In dvd, sempre l’anno scorso, “The wind that shakes the barley” di Ken Loach.
Al cinema, alla domenica pomeriggio prima di andare al lavoro, un po’ di cartoni animati con mio figlio.
Sono uno zero totale…
BTW (se tu già non conoscessi il significato dell’acronimo l’aiuto lo trovi qui:http://www.gaarde.org/Acronyms/? (a proposito bello l’acronimo AAAAA)) visto che nel sopracitato luogo ci sei andata con la tua (una delle due) compagna di scuola tedesca, lei dovrebbe averene un approccio molto meno legato ai tabù italiani. Sarebbe inoltre interessante mettere a confronto le esperienze in proposito delle 2 tedesche: mentre nella germania occidentale i sexy shops erano comuni più o meno come i tabaccai (e più o meno così percepiti) nella zona orientale, prima della caduta del muro, erano assolutamente virtati, simbolo della decadenza dei costumi capitalistici.
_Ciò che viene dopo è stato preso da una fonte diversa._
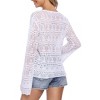 BLUEMING Womens Crochet Bell Sleeve Sweater Tops Loose Fit V Neck Mesh Cover Up Tops Hollow Out Boho Tops - 2 of 4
Ma quanto impegno si è sempre profuso nel tenere sotto controllo ciò che accadeva sotto le lenzuola degli altri!
Le intervisterò.
Mi farò una cultura.
😉
Io ho come l’idea che entro duecento metri da una chiesa o da una scuola nel centro di Firenze non ci sia nulla. Comunque la storia di quella norma nell’apposito regolamento comunale è spassosa e, in maniera piccola piccola, intrecciata con la locale diaspora della sinistra. Un po’ intrecciata pure con il mondo diviso dai muri, sole che, come dire, a parti invertite.
Il perché debba esistere una distanza tra un sexy-shop ed una chiesa mi lascia ancora stupefatto, pensa abbiamo perfino ristoranti vicino ai cimiteri.
Beh la pesantezza aiuta a scrivere, no? Comunque, spero per te che l’Irlanda, ti alleggerisca dall’oppressione nazionale.
ahah si in realtà è un po’ imbarazzante ma alcuni “capi” sono accettabili..fortunatamente ho incontrato solo commesse donne e ci sono andata solo una volta, a Dublino..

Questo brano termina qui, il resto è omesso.